昨今の人材不足により都心では高単価となっている仕事を、比較的単価の安い地方で働く母親に提供することで、発注する企業はコストを抑制できるメリットがあり、ママスクエア社としては母親の雇用を創出できるというメリットがあります。

都心部よりも低単価で提供できる理由の一つは、地方に施設を作ることで、オフィスの賃借料を抑制できることが挙げられます。


年間1,250万円の所得を創出

ママスクエア葛城店ができたことで非常に大きな成果を生み出しました。

◯ これまでは育児に専念していた母親約30名を新たに雇用

◯ 平均で1勤務日当たり3.69時間(10.11日/月、37.31時間/月)勤務、テレワークを通じて子育てと両立可能な柔軟な働き方が実現

◯ 店舗全体で約100万円/月の給料を支払い
→年換算約1,250万円の所得を新たに創出


ポイント

子供を預ける施設と母親が仕事をする施設を一緒にしたというのは目から鱗でした。実はちょうど先日、静岡にあるコワーキングスペースへ訪問したのですが、そこもママスクエアと同様のコンセプトで、1階が保育園、2階がコワーキングスペース(母親仕事場)になっていました。
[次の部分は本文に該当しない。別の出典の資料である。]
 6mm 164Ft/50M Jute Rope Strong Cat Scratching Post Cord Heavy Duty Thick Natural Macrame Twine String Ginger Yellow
いちぼし堂という場所ですので、気になった方はぜひご覧ください!

今回はママスクエア社が請け負ったBPO業務に従事する仕組みにした、というの点がポイントだと思います。BPO業務を母親たちに任せることによるポイントは2点あります。

1つ目はリモートワークで対応できることです。
BPO業務は、例えばオペレーターの仕事や事務作業などのノンコア業務(業務自体で利益は生まれないものの、企業のコア業務遂行をサポートするために必要な業務全般)が多いので、場所の制約を受けません。そのため、どこでも働ける業務内容であるという点は大きなポイントです。

2つ目は企業側が発注しやすいことです。テレワークを活用して母親の雇用を創出しよう、というアイデアはすぐに浮かぶと思いますが、実際にやる仕事はどうやって取ってくればよいのか・・・というところで止まってしまうケースも多いかもしれません。企業側としては、必ず発生するノンコア業務はできるだけコストを抑えて対応したいという思いがあります。そのニーズを拾って、テレワークで対応する仕組みにしたというのは上手い仕組みだと思います。

ママスクエア社が行う取り組みがさらに広まっていくことを願っています。